### WHAT YOU ARE ASKED TO DO
Some of the lines below need repeating. Reproduce exactly those between the lines holding "Authentic DRx Romanelli" and "Loves: iPhone XR Transparant Hoesje", inclusive.

### EXERCISE MATERIALS
*** Block opens ***
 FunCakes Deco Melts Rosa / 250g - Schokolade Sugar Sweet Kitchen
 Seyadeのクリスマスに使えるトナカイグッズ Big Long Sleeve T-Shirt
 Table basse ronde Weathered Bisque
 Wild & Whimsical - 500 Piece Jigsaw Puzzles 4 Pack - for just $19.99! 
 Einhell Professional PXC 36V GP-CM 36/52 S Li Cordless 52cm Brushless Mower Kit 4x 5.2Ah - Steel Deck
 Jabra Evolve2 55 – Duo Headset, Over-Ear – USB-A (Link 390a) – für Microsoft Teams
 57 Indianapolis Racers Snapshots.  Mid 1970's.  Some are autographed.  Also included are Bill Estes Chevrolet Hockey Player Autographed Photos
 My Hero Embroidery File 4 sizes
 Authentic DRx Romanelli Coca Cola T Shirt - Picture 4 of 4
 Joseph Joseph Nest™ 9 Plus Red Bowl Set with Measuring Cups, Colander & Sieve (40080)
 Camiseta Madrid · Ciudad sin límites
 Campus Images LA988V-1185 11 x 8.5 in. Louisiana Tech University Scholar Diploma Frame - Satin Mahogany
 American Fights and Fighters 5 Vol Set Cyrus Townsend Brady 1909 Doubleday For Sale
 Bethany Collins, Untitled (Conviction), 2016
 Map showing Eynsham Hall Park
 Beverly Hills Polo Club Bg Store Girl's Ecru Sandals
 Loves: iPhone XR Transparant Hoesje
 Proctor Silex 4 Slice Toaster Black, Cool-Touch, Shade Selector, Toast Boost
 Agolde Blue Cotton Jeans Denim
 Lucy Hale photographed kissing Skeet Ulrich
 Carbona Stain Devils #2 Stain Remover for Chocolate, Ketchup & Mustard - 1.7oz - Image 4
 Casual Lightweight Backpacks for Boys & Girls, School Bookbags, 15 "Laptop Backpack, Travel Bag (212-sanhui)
*** Block closes ***
### THE ANSWER
 Authentic DRx Romanelli Coca Cola T Shirt - Picture 4 of 4
 Joseph Joseph Nest™ 9 Plus Red Bowl Set with Measuring Cups, Colander & Sieve (40080)
 Camiseta Madrid · Ciudad sin límites
 Campus Images LA988V-1185 11 x 8.5 in. Louisiana Tech University Scholar Diploma Frame - Satin Mahogany
 American Fights and Fighters 5 Vol Set Cyrus Townsend Brady 1909 Doubleday For Sale
 Bethany Collins, Untitled (Conviction), 2016
 Map showing Eynsham Hall Park
 Beverly Hills Polo Club Bg Store Girl's Ecru Sandals
 Loves: iPhone XR Transparant Hoesje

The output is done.